* _Data shown_
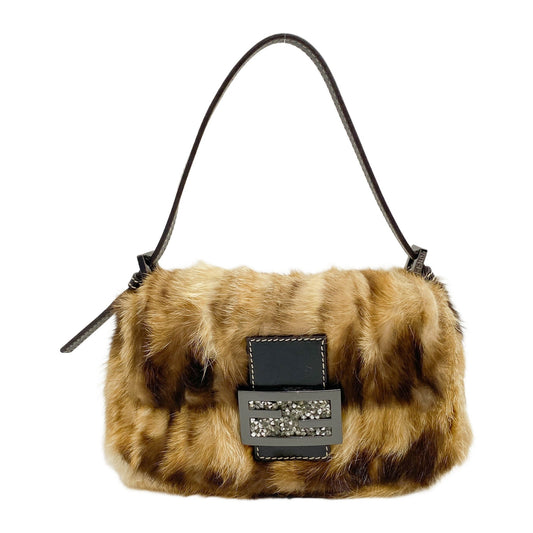 Mini Mamma Baguette Brown Mink Fur Handle Bag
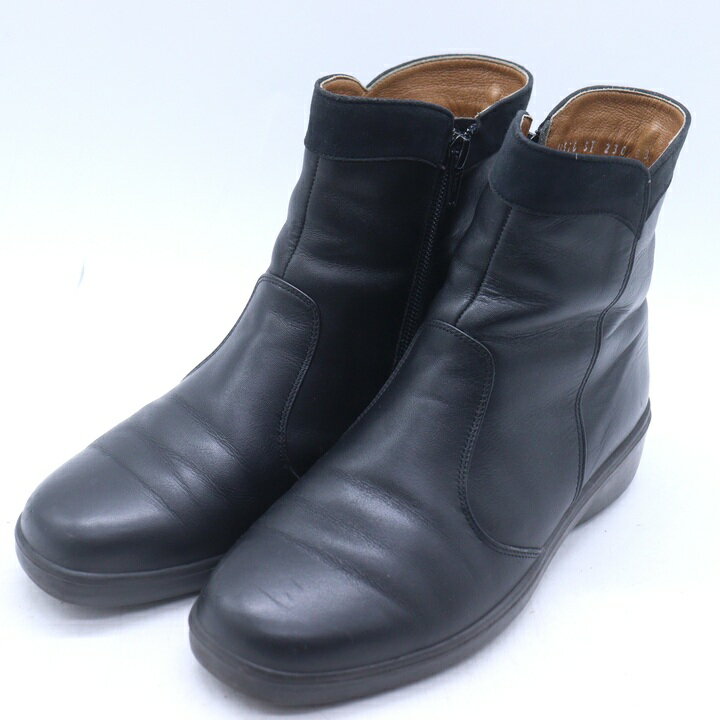 銀座ヨシノヤ ブーツ 幅広 4E ブランド シューズ 靴 日本製 黒 レディース 23サイズ ブラック Yoshinoy..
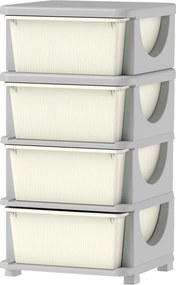 HOMCOM Gyerek Szekrény Fiókokkal Tárolóhely Szórakoztató Doboz Négy Szinten Gyermekek Szobájába 3-6 Éveseknek Krémfehér 37 x 37 x 76 cm | Aosom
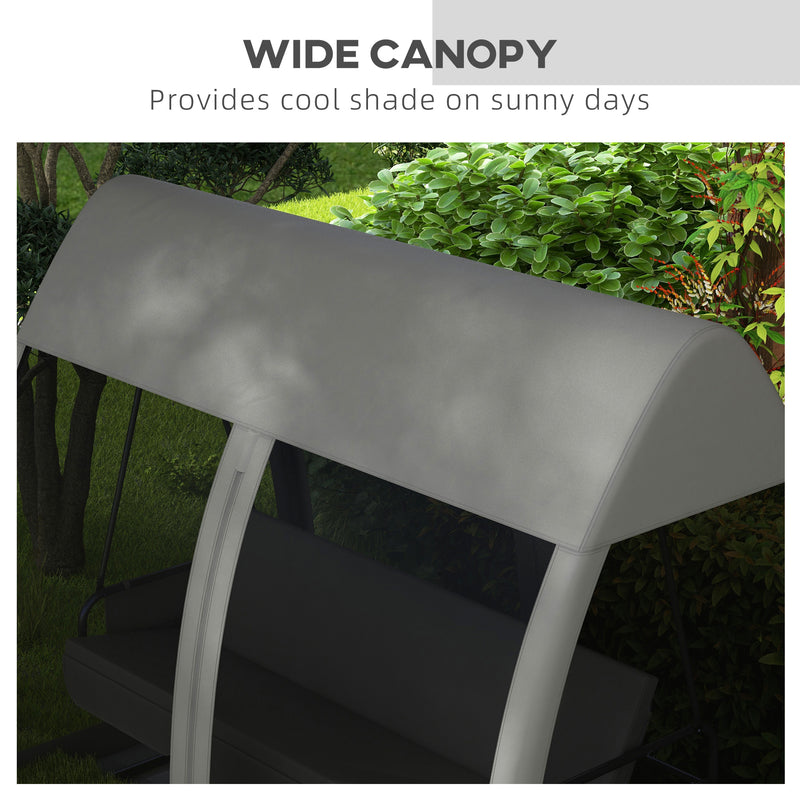 Grey 3 Seater Garden Swing Chair Converts to Bed with Curtains and Canopy for Shade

* _Task_
Print each line from the one containing "銀座ヨシノヤ ブーツ 幅広" through the last line of the listing, both included, exactly and with no pictures.

* _Your response_
 銀座ヨシノヤ ブーツ 幅広 4E ブランド シューズ 靴 日本製 黒 レディース 23サイズ ブラック Yoshinoy..
 HOMCOM Gyerek Szekrény Fiókokkal Tárolóhely Szórakoztató Doboz Négy Szinten Gyermekek Szobájába 3-6 Éveseknek Krémfehér 37 x 37 x 76 cm | Aosom
 Grey 3 Seater Garden Swing Chair Converts to Bed with Curtains and Canopy for Shade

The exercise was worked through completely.